Since both rectangles share the same width, the length of the smaller rectangle is equal to the difference between the length of the larger rectangle and the given dimension (6cm in this case).
Length of the smaller rectangle = PQ - 6 cm = 12 cm - 6 cm = 6 cm
Width of the smaller rectangle = QR = 8 cm
Area of the smaller rectangle = 6 cm x 8 cm = 48 cm²
Now we have the areas of both rectangles. To find the area of the shaded part, we subtract the area of the smaller rectangle from the area of the larger rectangle.
Area of the shaded part = Area of PQRS - Area of the smaller rectangle
Area of the shaded part = 96 cm² - 48 cm²
Area of the shaded part = 48 cm²
Therefore, the area of the shaded part in the diagram is 48 cm².
To find the area of the shaded part in the given diagram, we need to determine the area of the rectangle PQRS and subtract the sum of the areas of the two right triangles.
Step 1: Calculate the area of the rectangle PQRS.
The area of a rectangle is given by the formula: Area = Length x Width.
In this case, the length of the rectangle is PQ = 12 cm and the width is QR = 8 cm.
Therefore, the area of the rectangle PQRS is: Area = 12 cm x 8 cm = 96 cm².

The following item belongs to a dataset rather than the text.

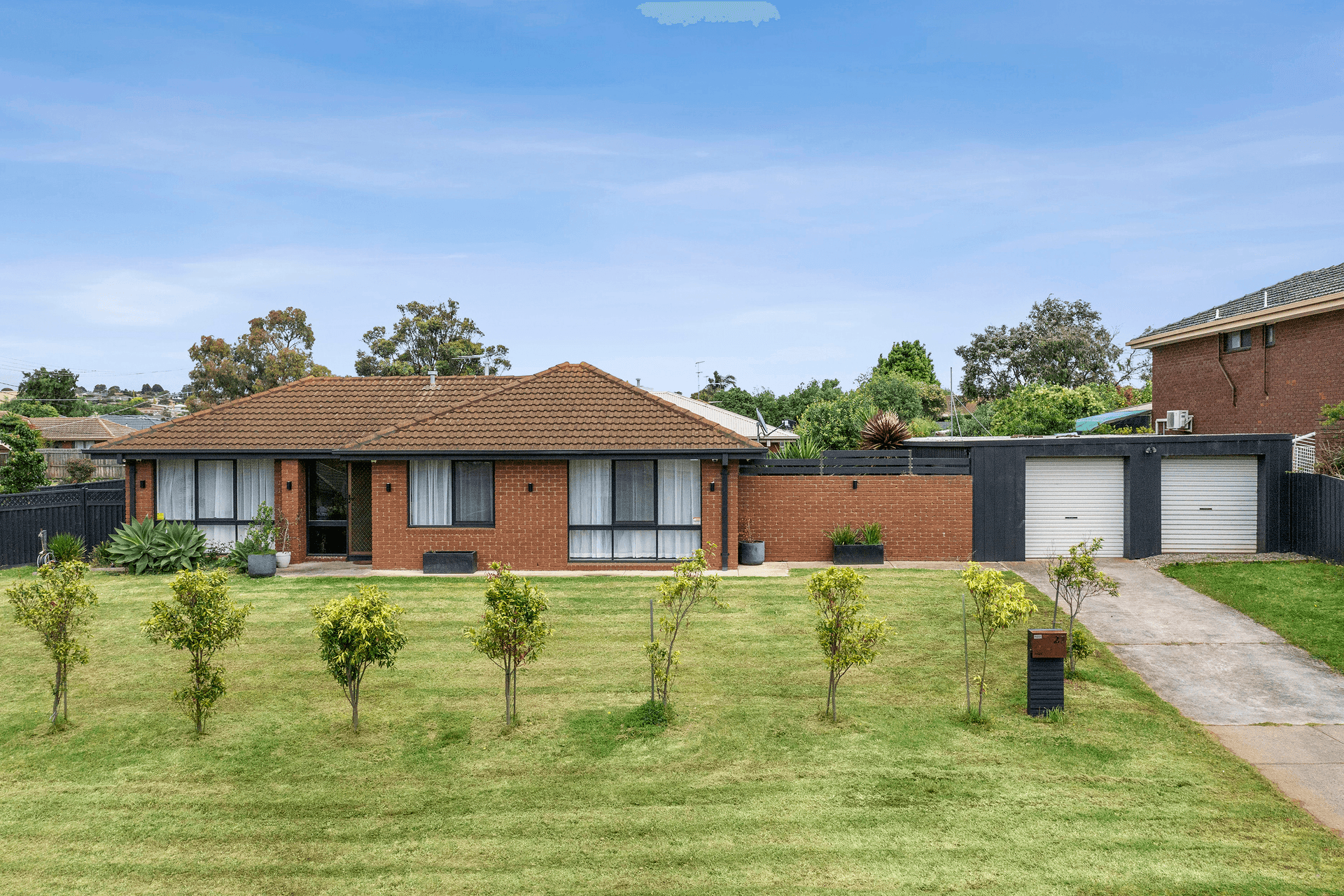 27 Nanworen Crescent, Bell Park, VIC 3215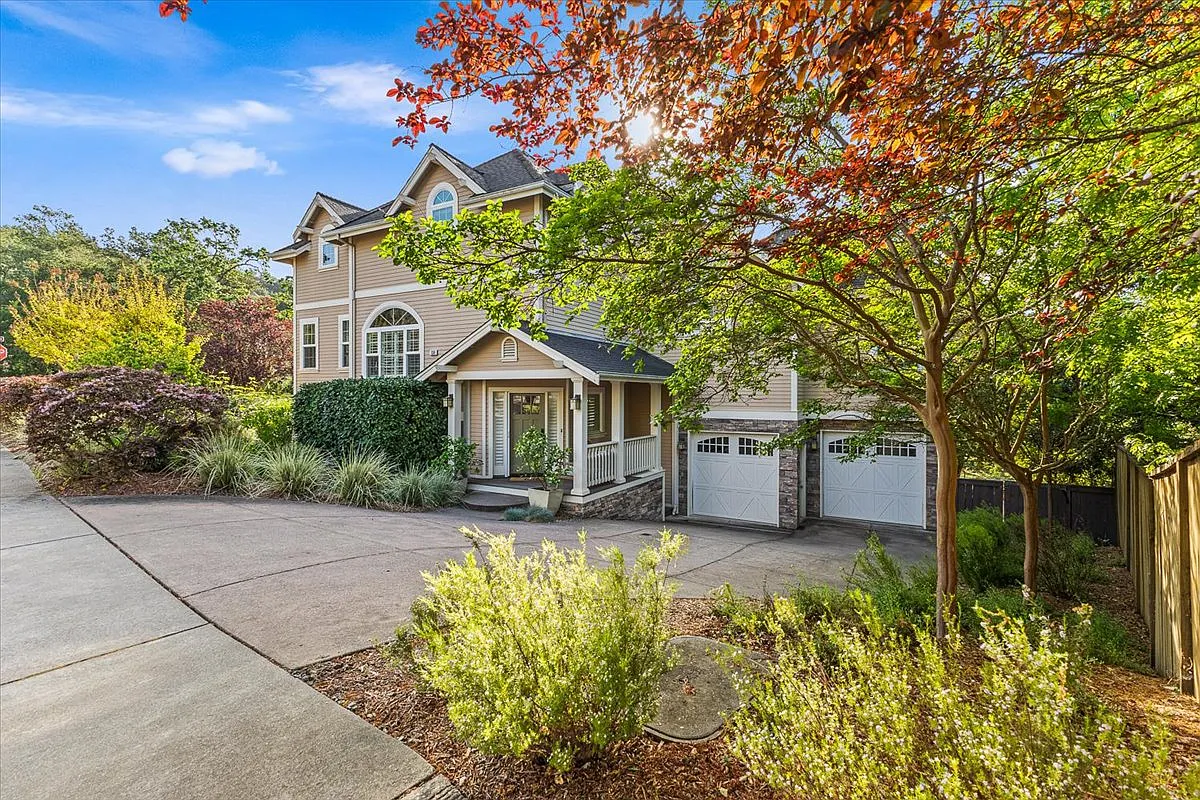 4 bed, 3.5 bath, 3000 sqft, $6,950 — Photo 3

Step 2: Calculate the area of the right triangles.
The area of a triangle is given by the formula: Area = (Base x Height) / 2.
In this case, both triangles have a base of QR = 8 cm.
Triangle 1:
To find the height of the first triangle, we need to use the Pythagorean theorem. The Pythagorean theorem states that in a right triangle, the square of the length of the hypotenuse (the side opposite the right angle) is equal to the sum of the squares of the other two sides.

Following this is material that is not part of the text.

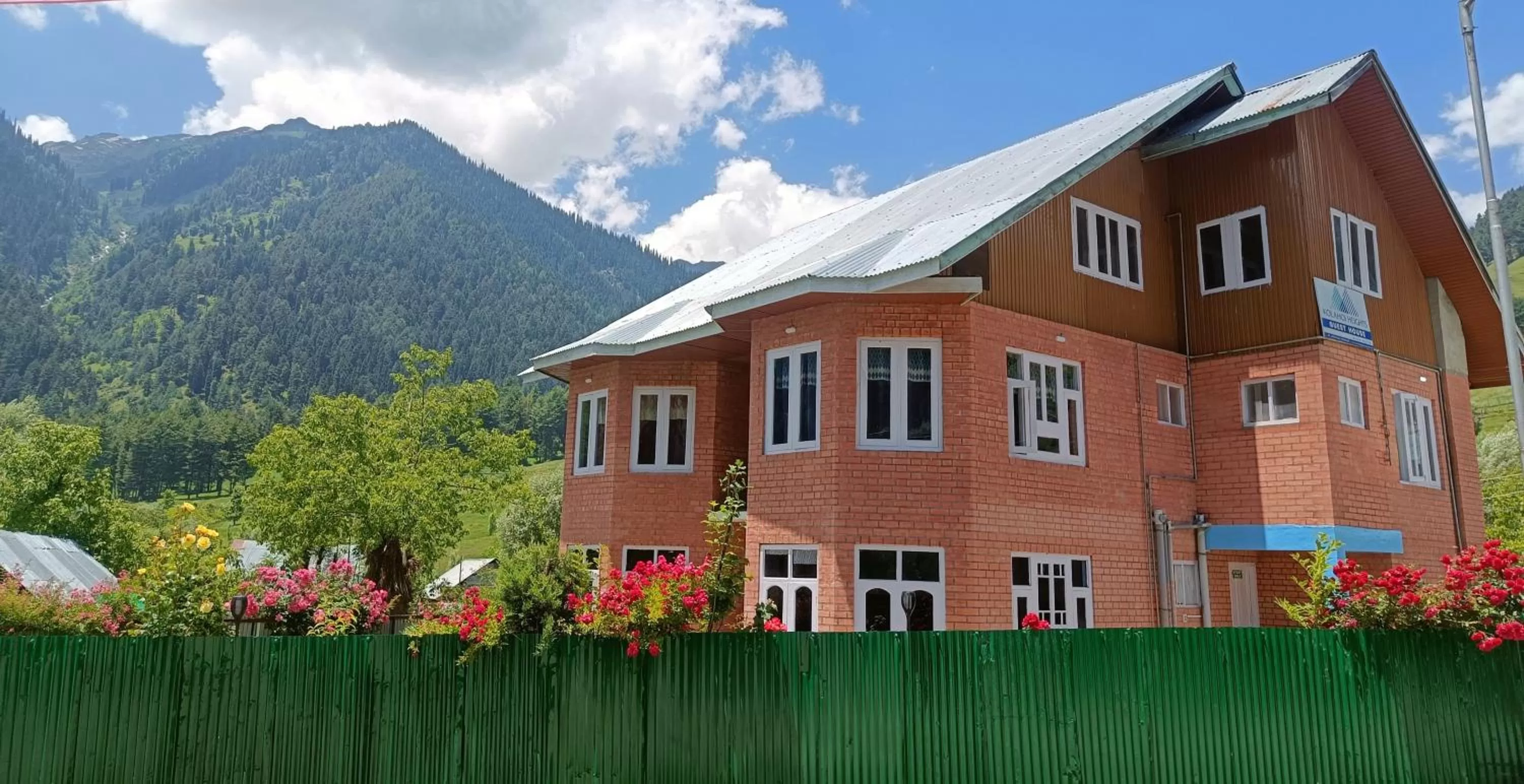 Property Building in Kolahoi Heights Guest House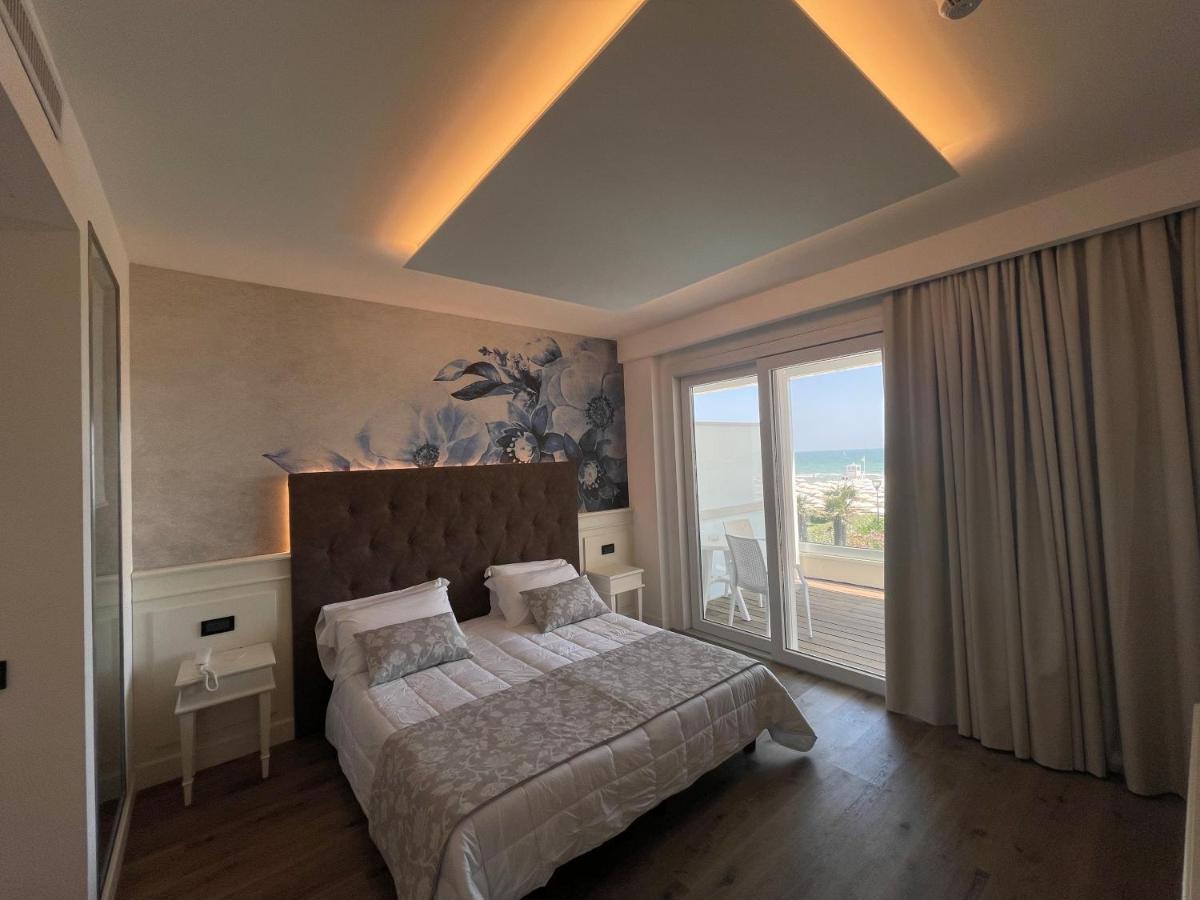 Park Hotel Cellini Lido di Jesolo Buitenkant foto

Let's call the height of the triangle as h1.
Using the formula of the Pythagorean theorem, we have:
QR² = h1² + 8²
64 = h1² + 64
h1² = 64 - 64
h1² = 0
Therefore, h1 = 0.
Since the height of the first triangle is zero, the area of the triangle is also zero.
Triangle 2:
The second triangle is formed by the line segment SR, which is also the height of the rectangle. Therefore, the height of the second triangle, h2, is equal to the width of the rectangle, which is 12 cm.
Using the formula of the area of a triangle:
Area = (Base x Height) / 2 = (8 cm x 12 cm) / 2 = 48 cm².
Step 3: Subtract the sum of the areas of the triangles from the area of the rectangle.
Area of shaded part = Area of rectangle - (Area of triangle 1 + Area of triangle 2)
Area of shaded part = 96 cm² - (0 cm² + 48 cm²)
Area of shaded part = 96 cm² - 48 cm²
Area of shaded part = 48 cm².
Therefore, the area of the shaded part in the diagram is 48 cm².